» Exercise: Under this line is some data; print exactly the lines from the one containing "SET 3 ĐẾ NẾN THUỶ TINH ĐEN LACQUERED CRYSTAL" through its last line, without pictures.

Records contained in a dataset
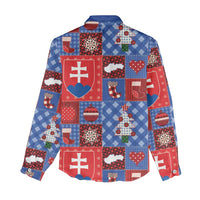 Slovakia Christmas Patchwork Women Casual Shirt - Wonder Print Shop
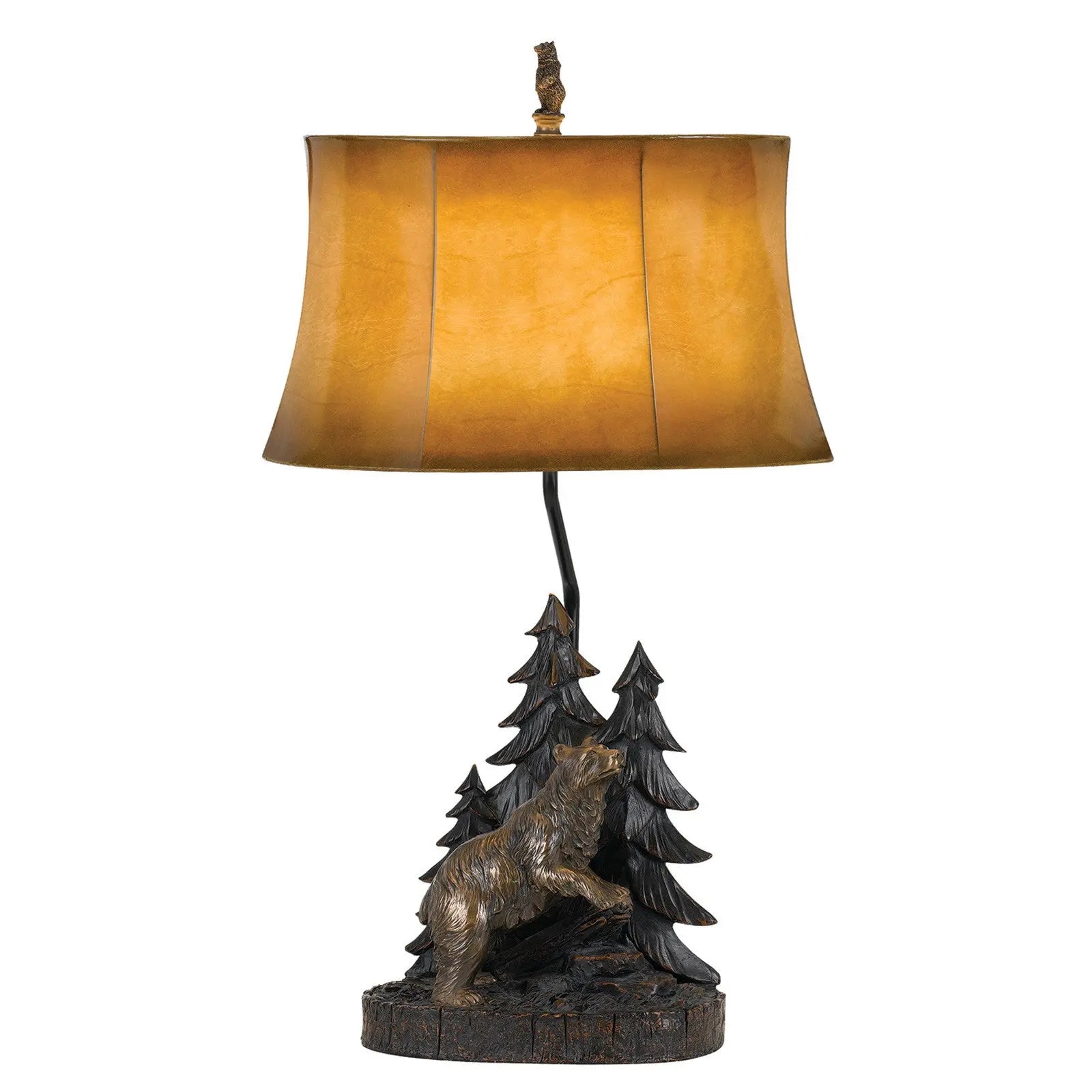 29" Antiqued Bronze Novelty Table Lamp With Brown Bell Shade - GreatEagleInc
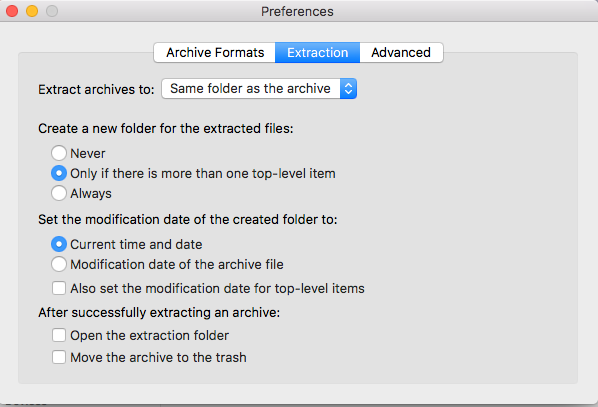The unarchiver extraction preferences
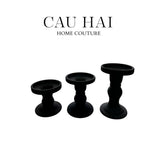 SET 3 ĐẾ NẾN THUỶ TINH ĐEN LACQUERED CRYSTAL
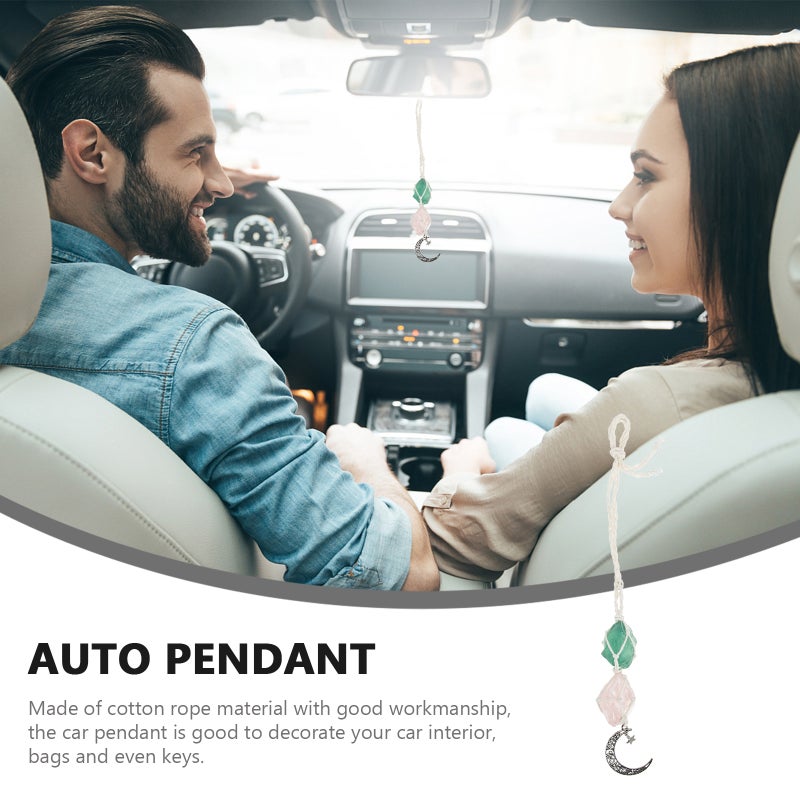 Car Rearview Mirror Pendant Crystal Hanging Decor Woven Crystal Stone Pendant - Image 2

» Solution to this task:
 SET 3 ĐẾ NẾN THUỶ TINH ĐEN LACQUERED CRYSTAL
 Car Rearview Mirror Pendant Crystal Hanging Decor Woven Crystal Stone Pendant - Image 2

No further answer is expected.